Imagine the scenario. A woman is walking her 9 year-old golden retriever while pushing a double stroller with her two toddler daughters inside when she hears rustling behind her and sees a mutt who has broken free from its owner’s grip on the leash and is running toward her full-force, teeth bared and a fight in its eyes. In the blink of an eye, the two dogs have each other by the neck with no signs of letting go. What’s the best way to handle such a situation?

As Linda Cole writes in her article, “Responsible Pet Ownership: How to Break Up a Dog Fight,” fighting dogs hear, see, smell and fear nothing except the dog in their face. At this point, they cease to become pets and instead turn into animals in a fight to the death. As a result, humans should never attempt to break up a dog fight by pulling on a dog’s collar or calling a dog’s name.” What can be done, then?


Think Through a Dog Fight Before It Happens

Cole recommends that pet owners first think through how they would handle a dog fight situation before it happens as it’s important to remain calm to help maintain an air of composure when an attack does occur. While the immediate purpose in breaking up a dog fight is to get the dogs to release their holds by separating them, it requires a significant amount of force to do so.

There is no magic answer, no sure-fire solution, but there are steps one can take in different situations.

Breaking Up a Dog Fight

If a fight happens outside, most experts advise spraying the dogs directly in the eyes and muzzle/nose area with a garden hose to shock them enough to release their grips.
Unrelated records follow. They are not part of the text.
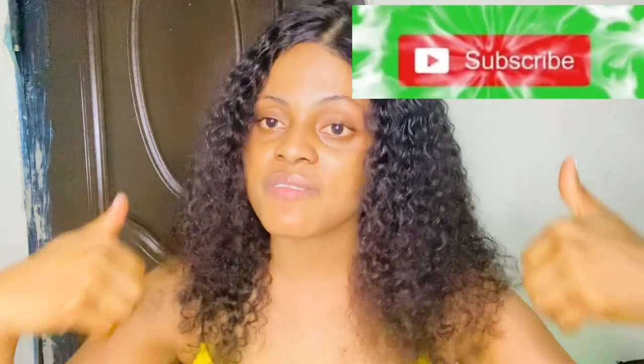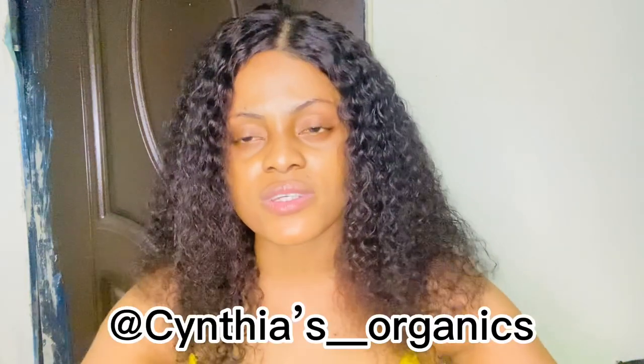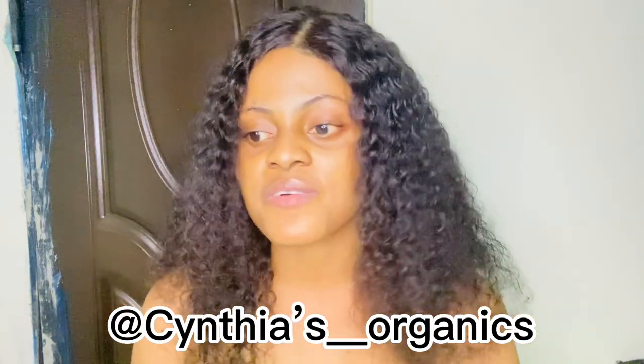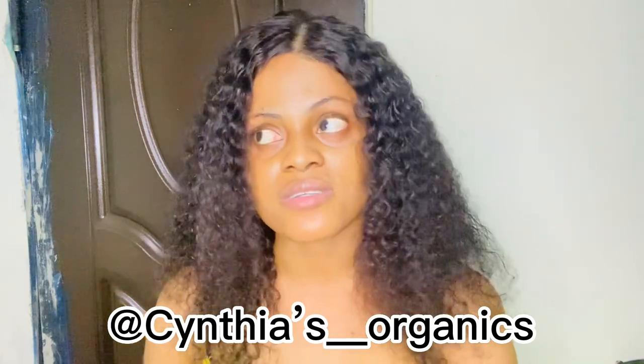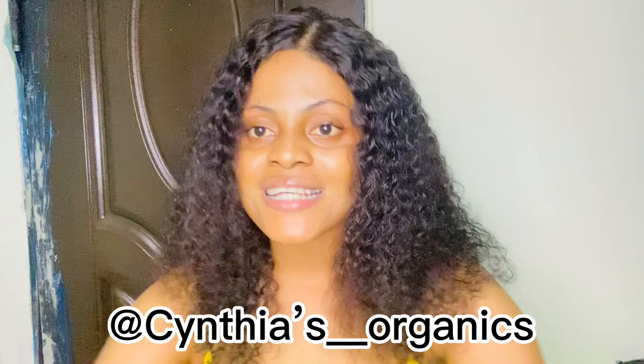That's the end of this video! If you enjoyed it, please subscribe to my channel, give it a thumbs up, and comment below to tell me what you think. Don't forget to share with your friends, and follow me on TikTok — my TikTok is all about my life. See you guys in my next video, I love you guys so much, bye!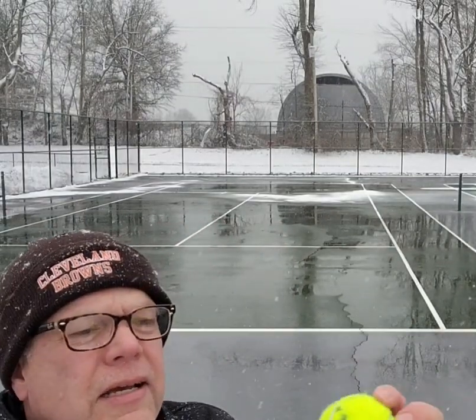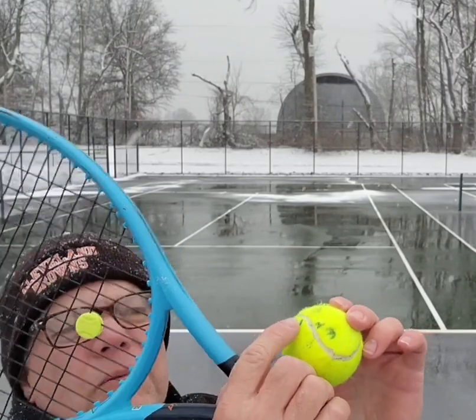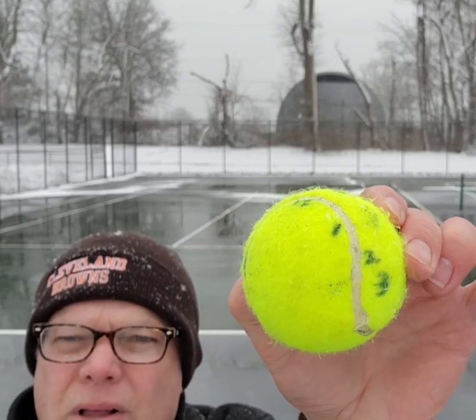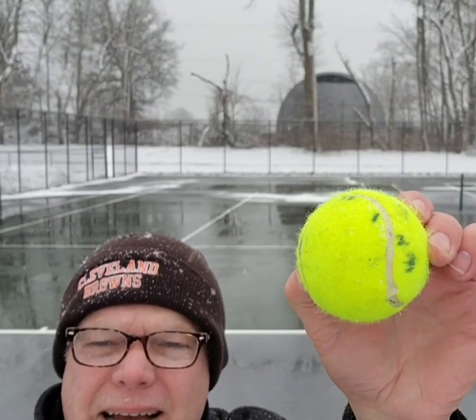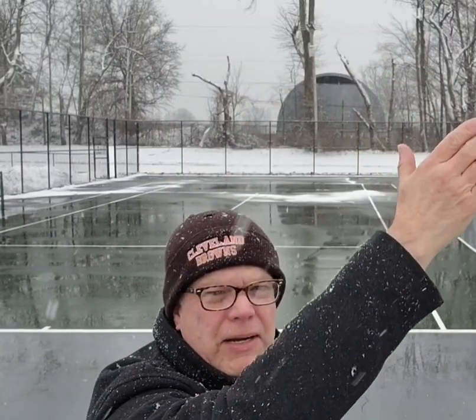On a slice serve, you want to hit between one and two o'clock on your ball, 12 being at the top. I'm going to carve out that top right corner and then pronate to fall through.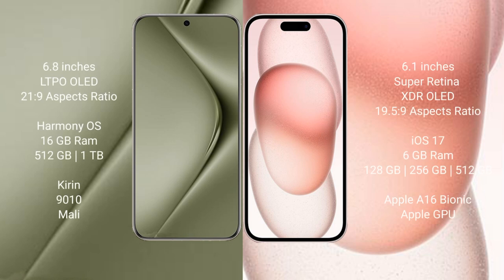Huawei Pura 70 Ultra comes with a 6.8-inch LTPO LED display and an aspect ratio of 21:9. iPhone 15 comes with a 6.1-inch Super Retina XDR LED display and an aspect ratio of 19.5:9.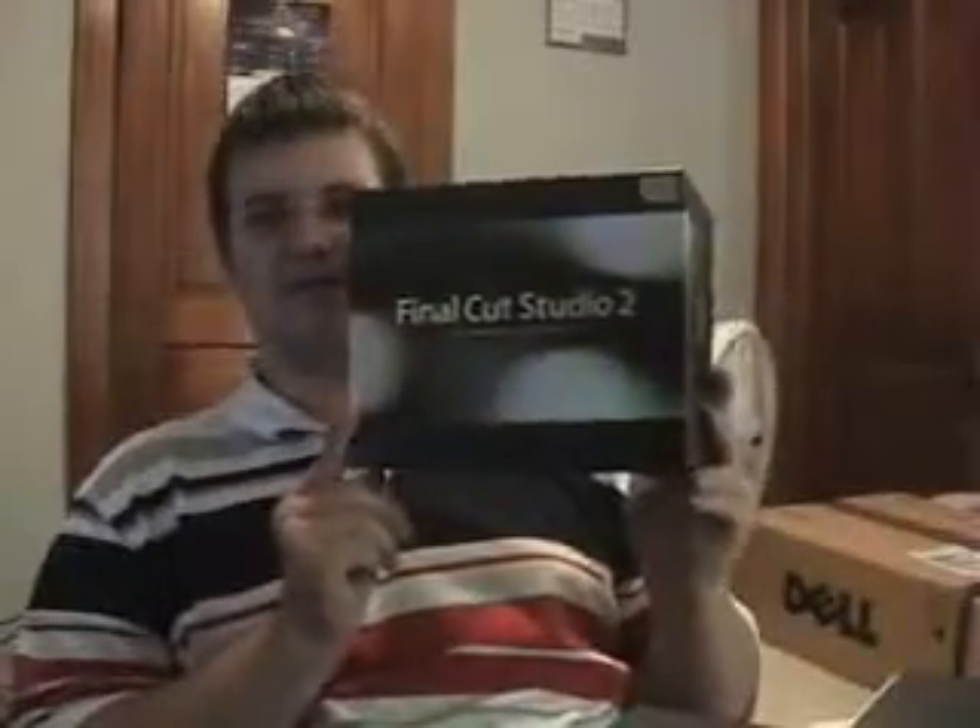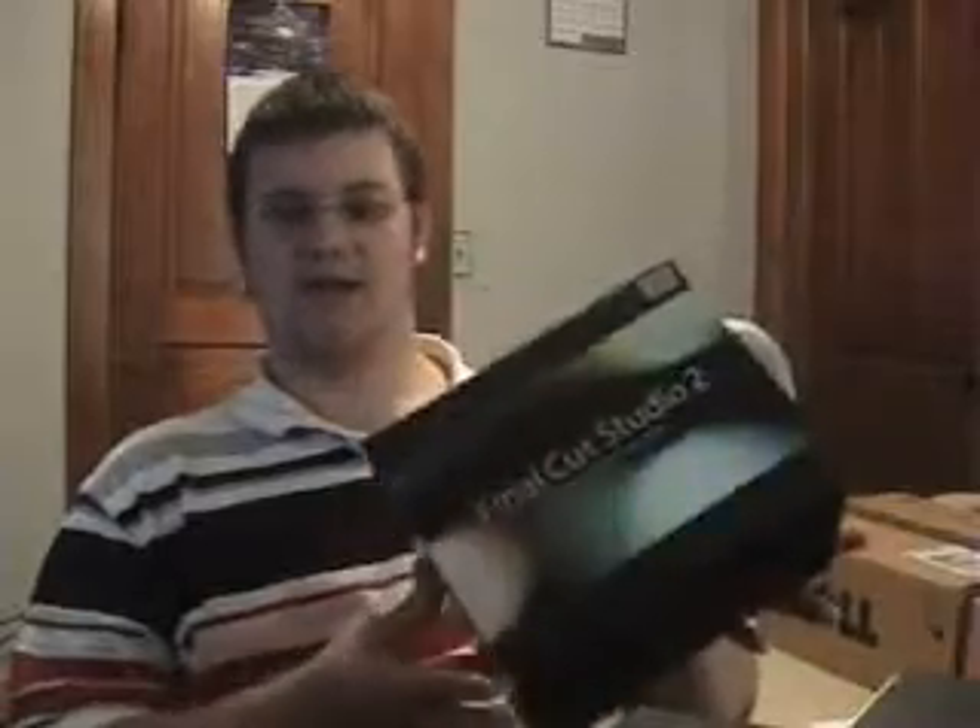There you have it. This is everything. This is the unboxing video from Full Speed Pro of Final Cut Studio 2. I hope you guys all enjoyed it. Please leave your comments below. We'll continue with unboxing videos. Keep up the good work, and peace out.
Don’t stop spraying until both dogs have backed off and are as far from each other as possible. If a hose is not available, a large chair or trash can lid will do, as long as it’s something that provides a big enough barrier while protecting the human involved. Note that this is very difficult to do when alone, much easier with two or more people.

The only safe way to break up a dog fight involves two capable adults, especially if the dogs are big. While spraying them with hoses, hitting them with sticks and/or yelling to stop the fighting can work, it’s important to keep in mind that if the dogs are intent on killing one another, these techniques will not work and yelling, especially, will often times escalate the fight. Remaining calm and keeping one’s wits about is the best advice out there.

What Not to Do in a Dog Fight

One’s first instinct may be to yell, kick or hit the dogs with a stick, but this will only raise their level of excitement. Stay calm and never reach between two dogs who are fighting.

If two dogs are fighting, even if they are one’s own pets, they are in a zone packed full of adrenaline and will bite anything in their way, including hands, legs, arms, face, etc. They don’t realize they are biting their owner; they are simply reacting and biting anything they encounter. Trying to break up a fight using physical force is a battle that the dogs will win every time.

Tips for Avoiding a Dog Fight

Kim Campbell Thornton wrote a blog post in which she offered the following key pieces of advice:

  1. If one sees people approaching with a dog, especially a big dog, call out to ask if they can meet. Letting dogs approach each other on loose leashes is the surest way to ward off aggressive behavior from either party. That’s because when each owner pulls hard on the leash, the tension makes the dog feel defensive.
  2. In situations where the other owner would prefer that the dogs not meet, teach the dog to stand or sit and focus on the owner until the other dog passes.
  3. Never let a dog approach another dog who is tied up, even if he looks or seems friendly. Since the tied dog’s movement is restricted, he’ll try to defend his space.

Hands Off for Safety

No one ever wants to be in a situation where separating two fighting dogs is necessary but, occasionally a dog fight breaks out and it is crucial that one knows the best way to respond. Remembering the number one rule, to never try to separate the dogs by putting one’s hands in the middle of the fight, will go a long way toward ensuring a safe outcome for all involved.